Friedrich Spielhagen
Noblesse oblige
Friedrich Spielhagen

 << zurück weiter >> 

Anzeige. Gutenberg Edition 16. Alle Werke aus dem Projekt Gutenberg-DE. Mit zusätzlichen E-Books. Eine einmalige Bibliothek. +++ Information und Bestellung in unserem Shop +++

Fünfzehntes Kapitel.

Zwei Tage später leuchtete am schönsten Frühlingsmorgen der Himmel so glanzvoll, als habe er seine helle Freude an dem Festgepränge da unter ihm in der alten Hansastadt. Von allen Kirchtürmen schallten die Glocken; alle Kirchtüren hatten sich weit geöffnet, die Scharen derer einzulassen, die ihr Herz trieb, vorerst Gott die Ehre zu geben für die Befreiung von der Herrschaft der Fremden; von den Wällen donnerten die Böller; von den Masten aller Schiffe im Hafen wehten die Flaggen; alle Häuser hatten sich, je nach Kräften und Vermögen, mit Teppichen, Girlanden, Maien und Blumen geputzt; aus allen Fenstern, an denen der Zug vorbei mußte, schauten fröhliche Gesichter hinab auf die Straßen, in denen die Menge Kopf an Kopf Spalier bildete, die Hälse reckend nach der Seite, von der sie kommen mußten.

Wieder einmal die Russen, just wie im Frühjahre vorigen Jahres! Nur daß es diesmal keine Kosaken waren, oder doch nur Kosakenpulks zwischen den regulären Regimentern zu Fuß und zu Pferde, die, ihren Oberstkommandierenden General Benningsen an der Spitze, daherkamen mit klingendem Spiel, die Infanterie mit angezogenem Gewehr, die Kavallerie die Pallasche und die Säbel an den Schultern. Nun, ohne die Russen geht es nun einmal nicht, und – Hurra! Hurra! Rußland hoch! Es lebe der Kaiser! Hoch dem Kaiser Alexander! schallte es in die Lüfte, und die Offiziere salutierten, die Degen senkend, und drückten ein Auge zu, wenn die Tschakos von den Köpfen der Soldaten plötzlich auf den Bajonettspitzen schwankten und die Pallasche und Säbel von der Schulter über den nickenden Helmbüschen in der Sonne funkelten.

Das war ein großer Jubel, aber nur wie Rollen fernen Gewitters gegen das Krachen eines, das den Leuten über den Köpfen steht, als nun nach einem Zwischenräume, den ein nachstürzender Volkshaufen füllte, vier Trompeter auf Schecken, Fanfaren schmetternd, um die Straßenecke biegen, ihnen nach ein junger Offizier auf stattlichem Rosse, hinter dem Offizier die Dragoner, die Grenadiere, die Musketiere der vereinigten Bürgergarde und hanseatischen Legion. Da stiegen alle Hüte und Mützen von den Köpfen hoch in die Luft, da wehen alle Tücher aus den Fenstern; da bricht ein Jubel aus, der kein Rufen, kein Schreien mehr ist, nur ein einziger gewaltiger Ton, in dem sich die freudeberauschte Seele eines ganzen Volkes zusammenfaßt; da ist kein Auge, das trocken bliebe; da fallen Menschen, die sich nie vorher gesehen, schluchzend einander in die Arme, sich herzend und küssend wie Brüder und Schwestern einer Familie, die sie immer sein sollten und in dieser großen Stunde sind.

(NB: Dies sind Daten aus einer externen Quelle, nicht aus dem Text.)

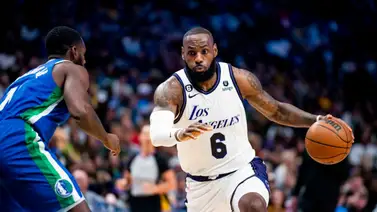 Descubre las nuevas reglas para los jugadores estelares en la NBA (+Detalles) Descubre las nuevas reglas para los jugadores estelares en la NBA (+Detalles)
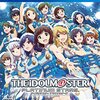 アイドルマスター プラチナスターズ始めました
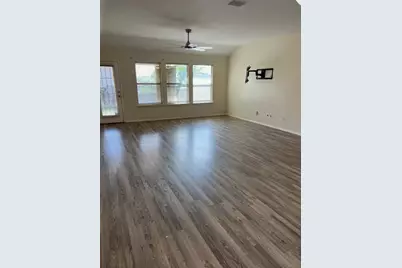 10416 Devin Lane, Fort Worth, TX 76053 - Photo 9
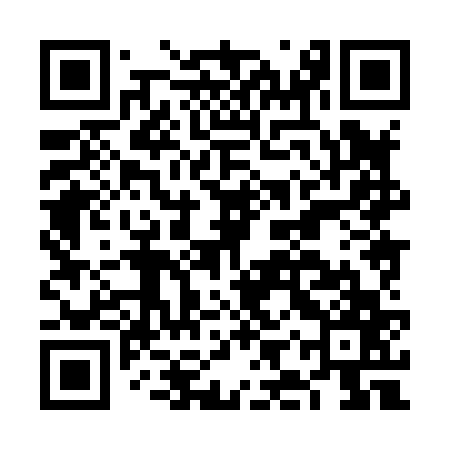 QR code for FIX867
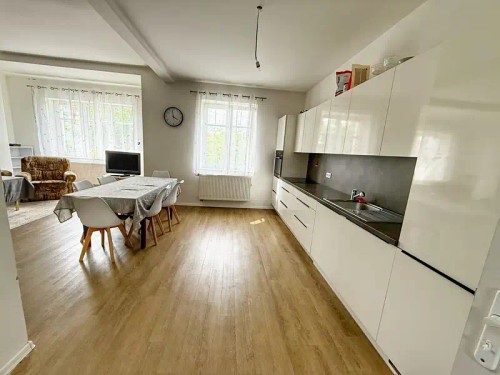 Prodej domu 210 m², pozemek 953 m²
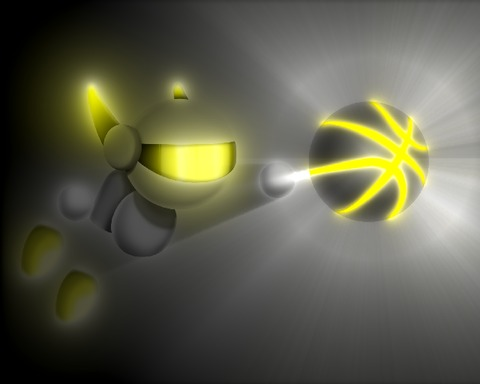ORB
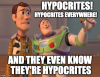 1599054602873.png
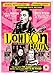 Produktbild London Town [DVD]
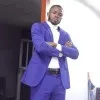 Ifeanyi Ama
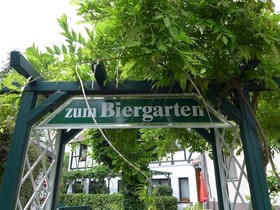 Löwenhof
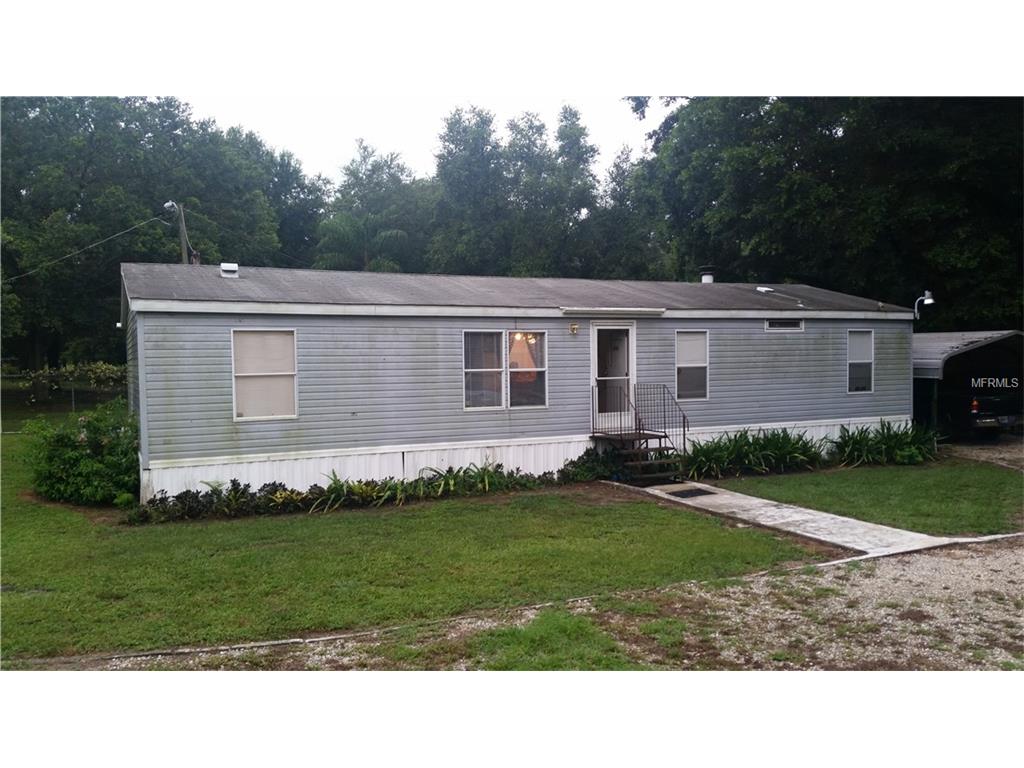 6242 Black Dairy Rd, Seffner, FL 33584 photo 1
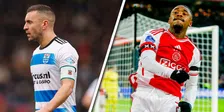 Thumbnail for article: Waar en hoe laat wordt PEC Zwolle - Ajax in de Eredivisie uitgezonden?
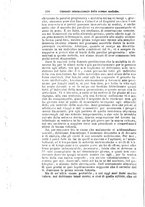 giornale/NAP0021576/1881/unico/00000206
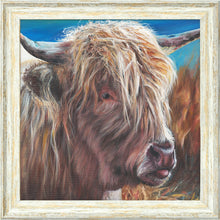 Load image into Gallery viewer, Heather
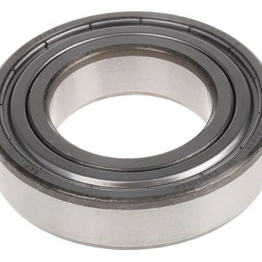 6006-2Z/C3 SKF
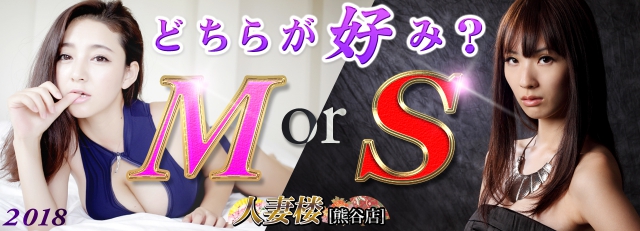 Cxg摜29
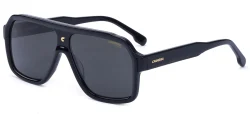 عینک آفتابی برند کررا مدل CA1053 - Image 4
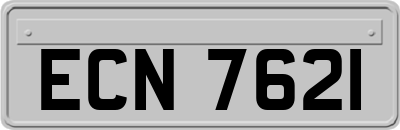 ECN7621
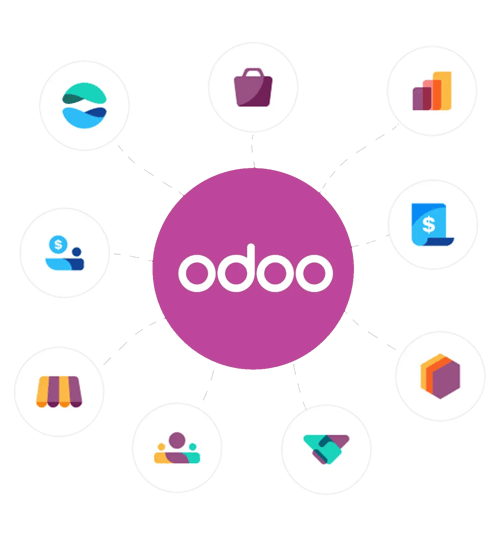 Group-2085663112 (1)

Daß sich in die Reihen der schmucken Krieger alsbald die Scharen der Ärmsten mischen, die man ausgetrieben, und die nun mit jenen, die für sie gekämpft und geblutet, ihren Einzug halten in die befreite Vaterstadt, kann den Jubel wohl dämpfen, aber die Rührung nur erhöhen. Denn haben sie oft genug auch Jammer und Elend verlassen, um zu Jammer und Elend zurückzukehren, heute beseelt sie nur ein Gedanke: daß sie heim dürfen zu der Stätte, auf der sie geboren. So ziehen sie daher, ihr bißchen kümmerliche Habe mit sich schleppend, die kleinsten Kinder auf den Armen, die größeren an den Händen; und alle, jung und alt, tragen grüne Maien, mit denen sie hinaufwinken zu den Fenstern, oder die sie vor sich her tragen, Gebete murmelnd, fromme alte Kirchenlieder andachtiglich singend.

Sind es doch auch nicht immer kleine Leute, die so daherziehen. Man zeigt unter ihnen solche, die aus Wohlstand und Ehre und Würden in die Verbannung fliehen mußten, das nackte Leben zu retten nicht für sich, sondern für das Vaterland. Auf einem Leiterwagen, deren viele sich dem Zuge anreihen, findet eine große Familie nur eben Platz: Vater, Mutter und sechs Kinder, von denen das älteste bereits ein Knabe-Jüngling ist und das jüngste noch an der Mutter Brust ruht. Die Mutter aber schaut mit Stolz und Glückseligkeit auf die wogende Menge, und wohl hat sie vollauf Ursache, stolz und glückselig zu sein: das Weib von Friedrich Perthes. Wo immer man die Familie erkennt, zieht man die Hüte und bringt dem Friedrich Perthes ein Hoch, das er tausendfach verdient hat.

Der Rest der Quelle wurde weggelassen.